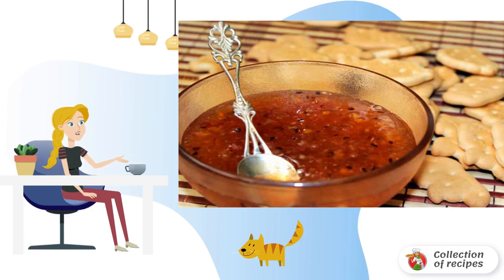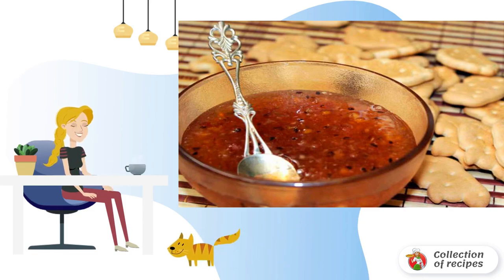Part of the jelly can be eaten immediately, although in this case it will be more like jam in consistency, because only after cooling down does the mass set. Bon appétit to everyone.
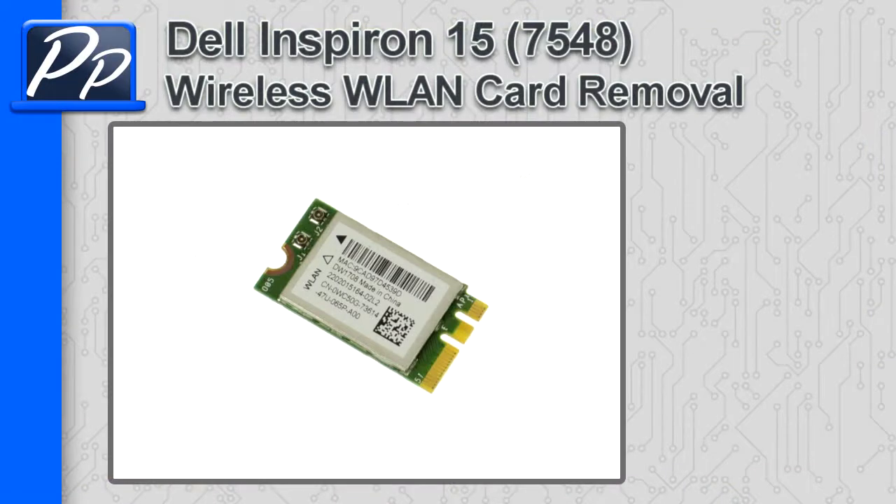Hey guys, it's Roscoe with Parts People. In this video, I'm going to show you how to remove the wireless LAN card on the Inspiron 15 7548.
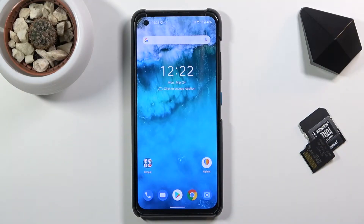Welcome! My name is Asus Xenophon 8 and today I'll show you how to boot the device into safe mode.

### Assignment
Exclude every picture, then reproduce the remaining data character for character.

### Solution for this problem
Part of the jelly can be eaten immediately, although in this case it will be more like jam in consistency, because only after cooling down does the mass set. Bon appétit to everyone.
Hey guys, it's Roscoe with Parts People. In this video, I'm going to show you how to remove the wireless LAN card on the Inspiron 15 7548.
Welcome! My name is Asus Xenophon 8 and today I'll show you how to boot the device into safe mode.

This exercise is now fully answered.